▸ Exercise brief
The answer should hold only the lines from the beginning of the listing below to the line containing "Natural Purple spinel", both included, with every picture left out.

▸ Records for this task
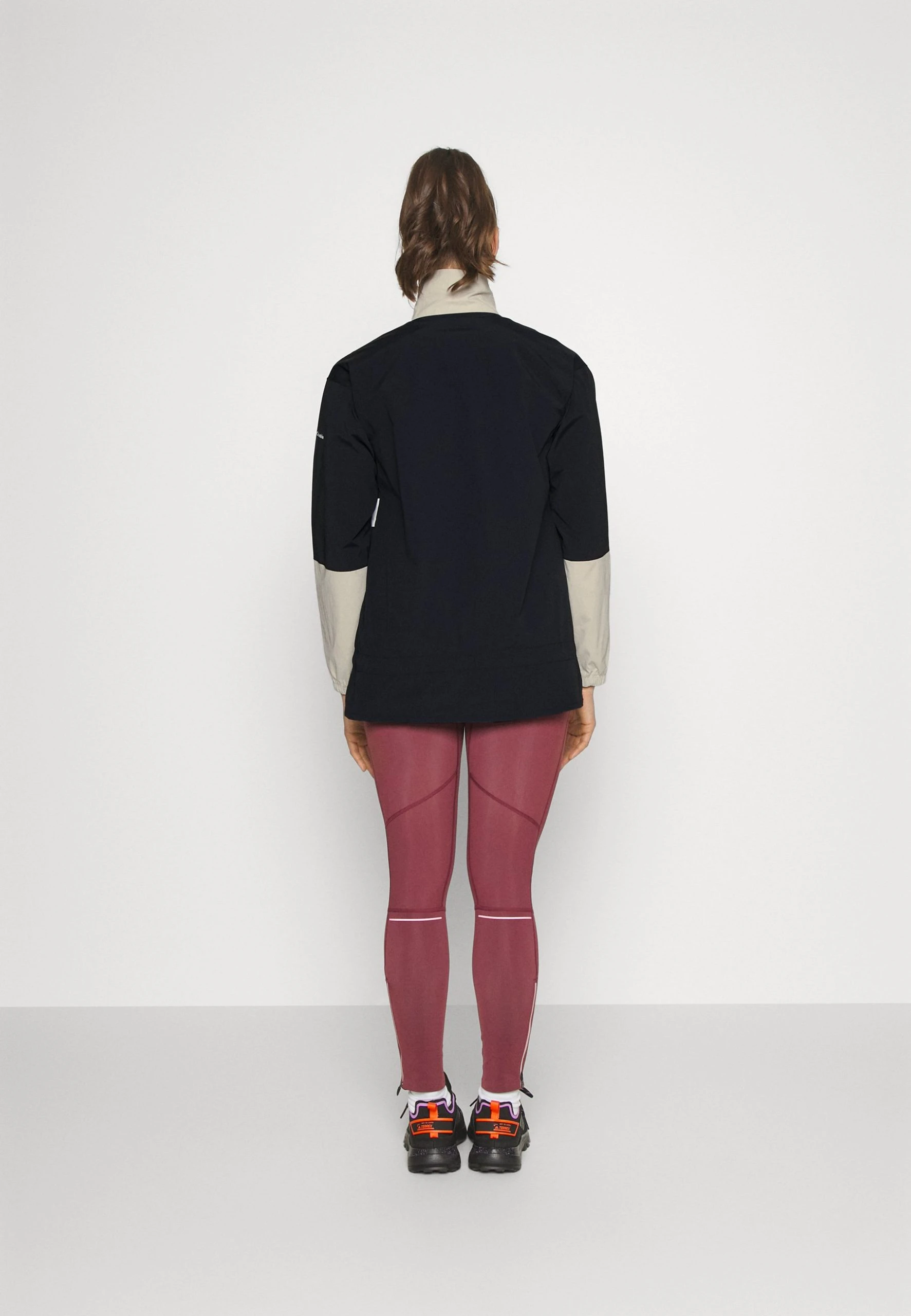 Columbia Boundless Trek Anorak - Parka - Black/Dark Stone/White 5 Columbia Boundless Trek Anorak - Parka - Black/Dark Stone/White – Image 3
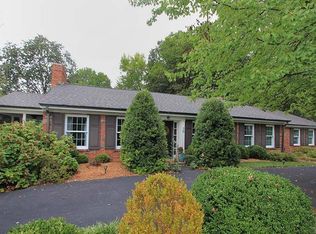 70 Berry Road Park, Saint Louis, MO 63122
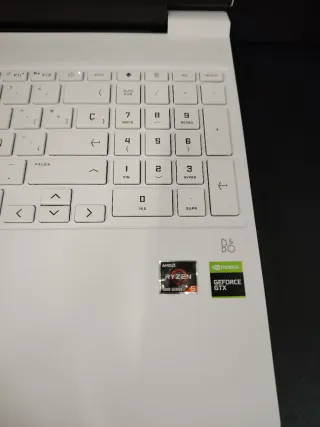 HP Victus 15 Ryzen 5 5600H 8GB 512GB GTX 1650 4GB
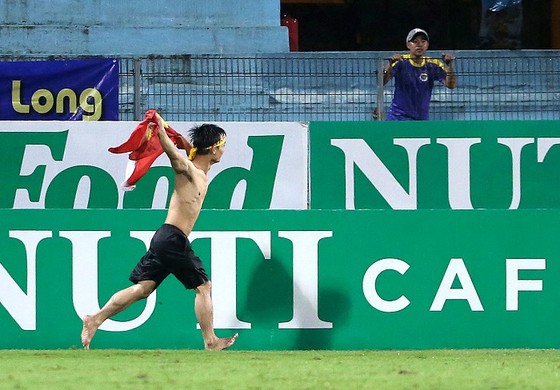 Thủ môn Lê Văn Hưng bị cấm thi đấu 4 trận ảnh 3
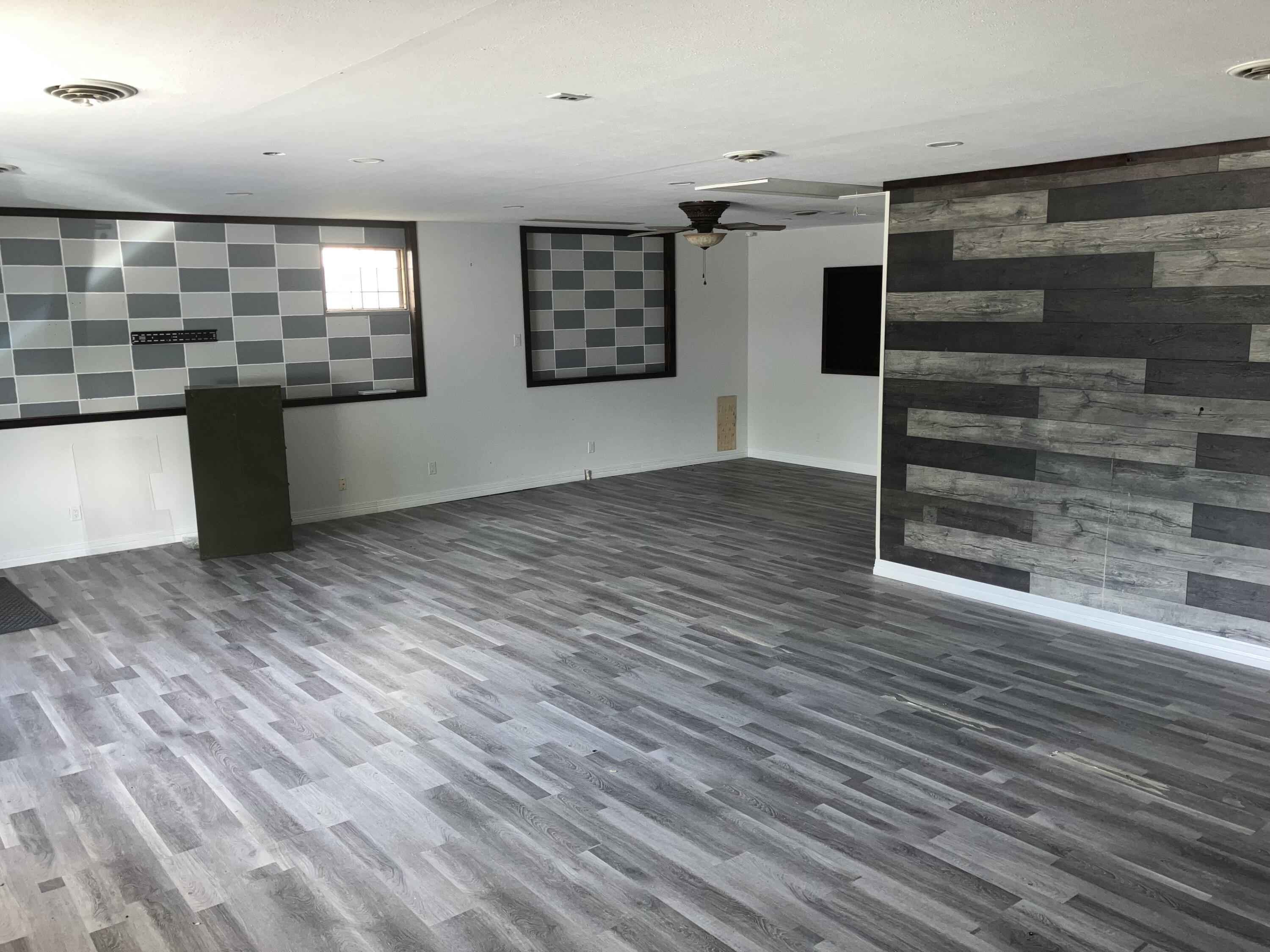Photo 4 - Commercial Sale for sale – 110 E Sloan Street  Mt Vernon, MO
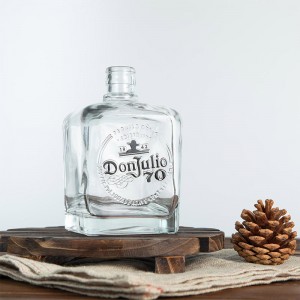 Bouteille d'alcool de gin en verre avec logo personnalisé carré de luxe en liège 70CL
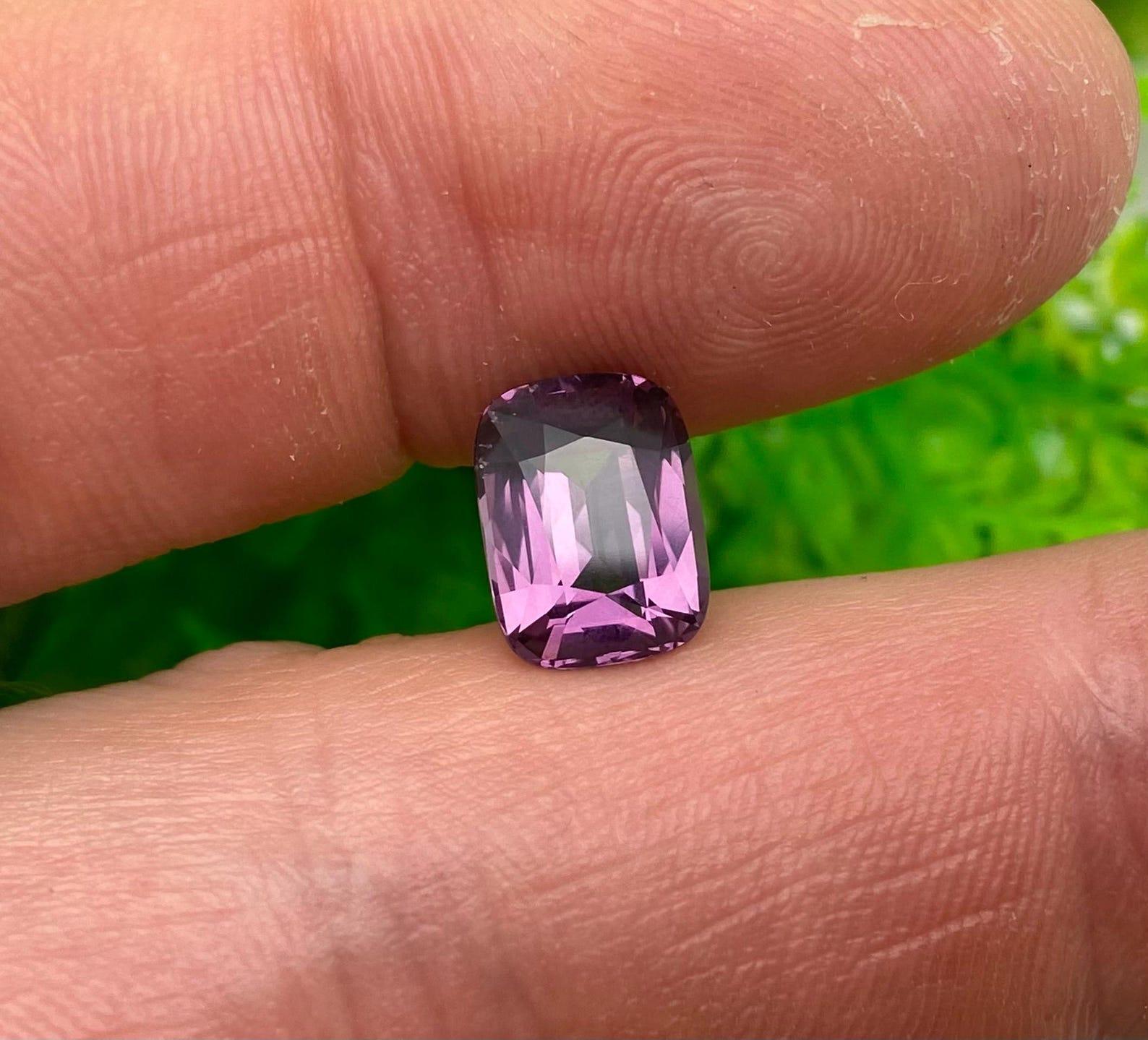 Natural Purple spinel loose gemstone 4.05 Ct ., Cushion cut, Origin Sri Lanka For Sale 5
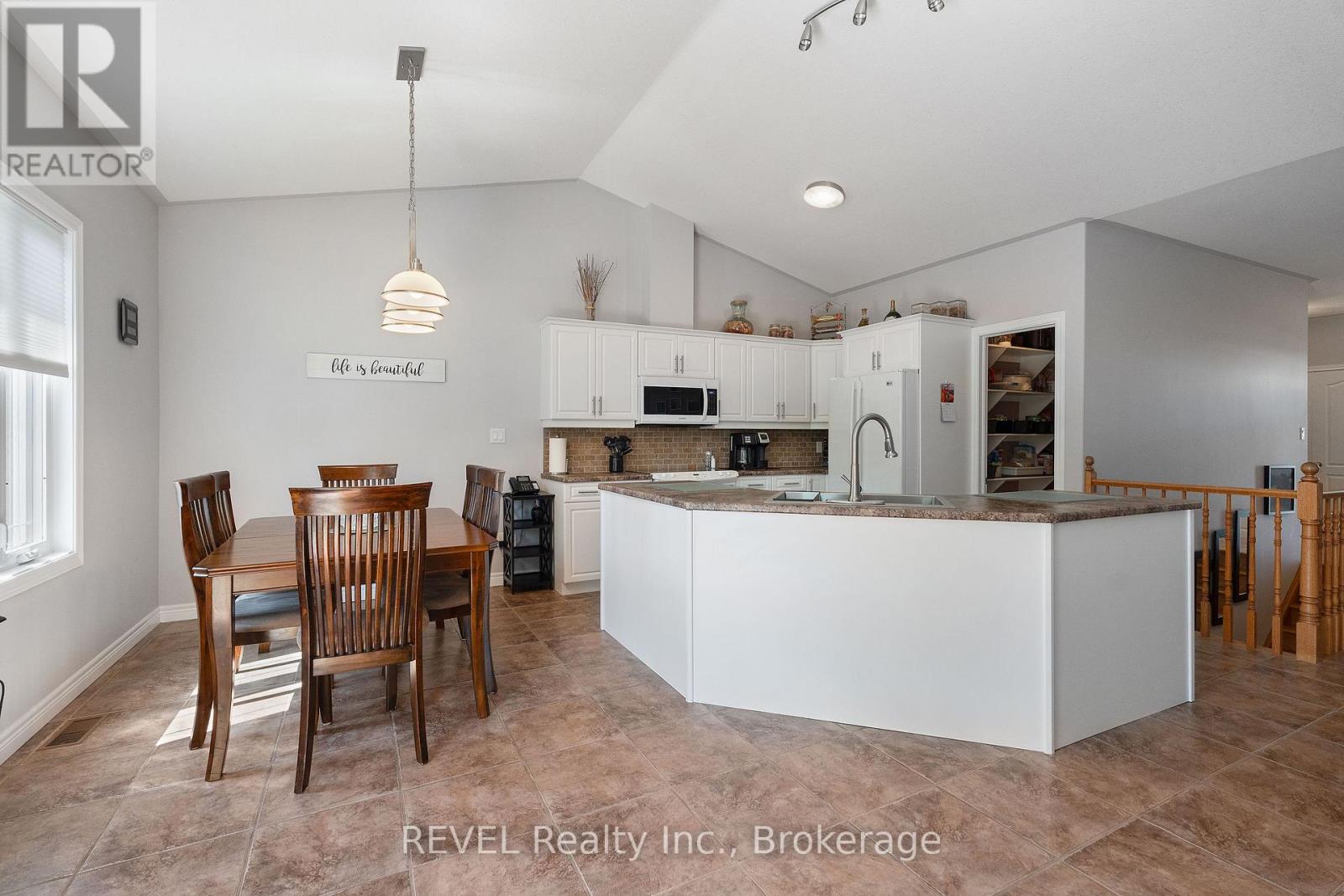 8028 Booth Street, Niagara Falls (Ascot), Ontario  L2H 1E8 - Photo 8 - X12485633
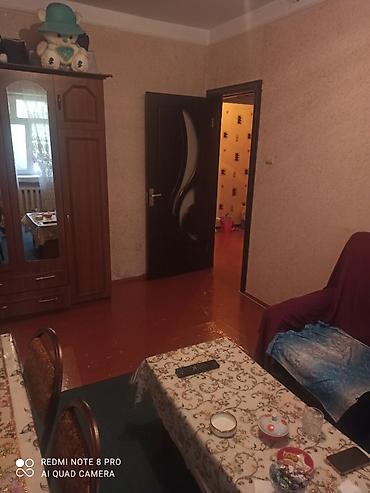 Mənzil kirayələyirəm: 1 otaqlı mənzil – interyer və plan - Geniş zal/otaq: divar kağızı ilə — 7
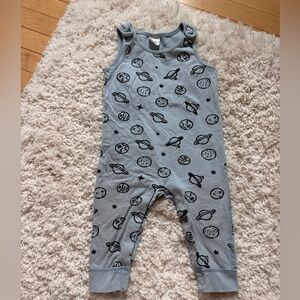 Hanna Andersson Planet Space Jumpsuit Blue 18-24 months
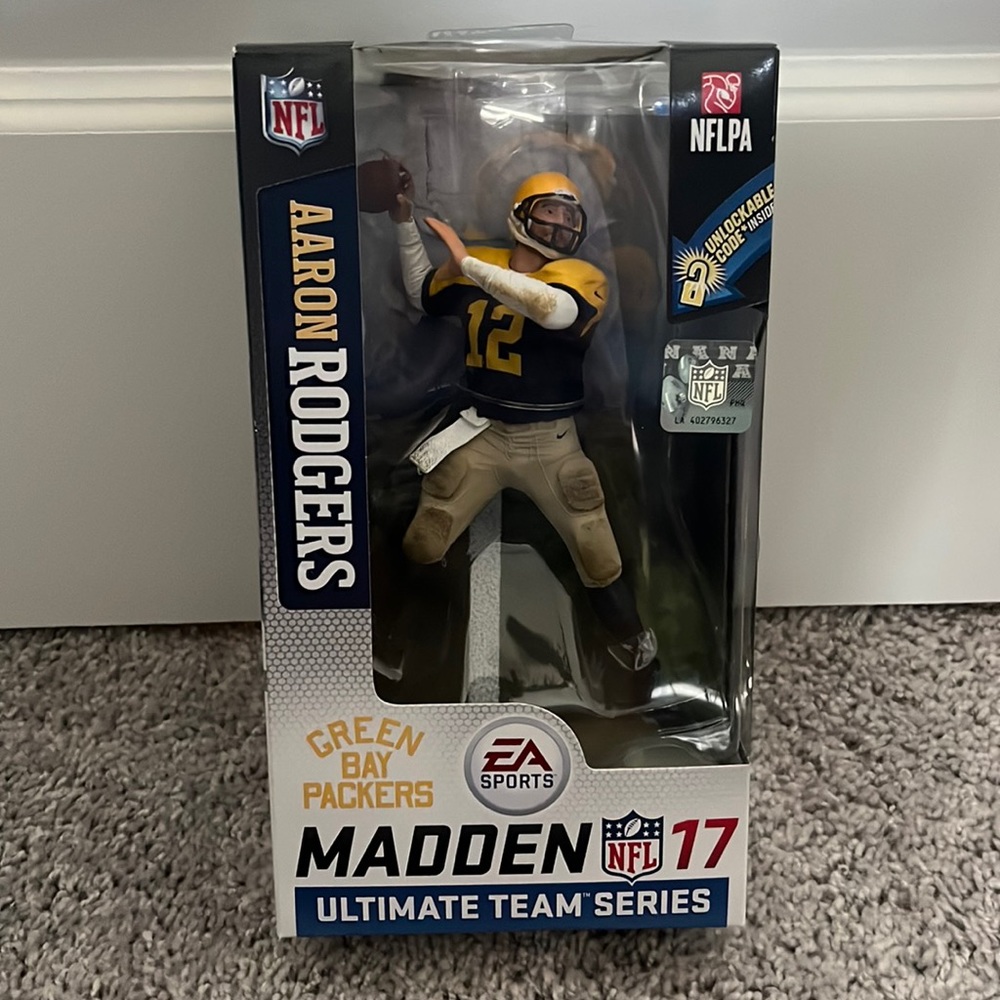 NIB Aaron Rodgers Madden 17 Ultimate Team Series 2 Figurine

▸ Reply to the task
 Columbia Boundless Trek Anorak - Parka - Black/Dark Stone/White 5 Columbia Boundless Trek Anorak - Parka - Black/Dark Stone/White – Image 3
 70 Berry Road Park, Saint Louis, MO 63122
 HP Victus 15 Ryzen 5 5600H 8GB 512GB GTX 1650 4GB
 Thủ môn Lê Văn Hưng bị cấm thi đấu 4 trận ảnh 3
Photo 4 - Commercial Sale for sale – 110 E Sloan Street  Mt Vernon, MO
 Bouteille d'alcool de gin en verre avec logo personnalisé carré de luxe en liège 70CL
 Natural Purple spinel loose gemstone 4.05 Ct ., Cushion cut, Origin Sri Lanka For Sale 5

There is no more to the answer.